+++ PROVIDED MATERIAL
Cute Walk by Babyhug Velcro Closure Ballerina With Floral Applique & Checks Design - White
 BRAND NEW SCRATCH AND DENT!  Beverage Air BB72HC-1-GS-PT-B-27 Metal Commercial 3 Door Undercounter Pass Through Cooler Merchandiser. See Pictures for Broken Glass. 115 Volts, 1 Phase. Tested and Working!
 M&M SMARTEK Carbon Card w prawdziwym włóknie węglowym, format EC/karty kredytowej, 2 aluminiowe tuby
++++++
• _ABOUT THIS TASK_
Reproduce word for word only the first line of the listing above and each line after it through the line with "BRAND NEW SCRATCH".

• _EXERCISE SOLUTION_
Cute Walk by Babyhug Velcro Closure Ballerina With Floral Applique & Checks Design - White
 BRAND NEW SCRATCH AND DENT!  Beverage Air BB72HC-1-GS-PT-B-27 Metal Commercial 3 Door Undercounter Pass Through Cooler Merchandiser. See Pictures for Broken Glass. 115 Volts, 1 Phase. Tested and Working!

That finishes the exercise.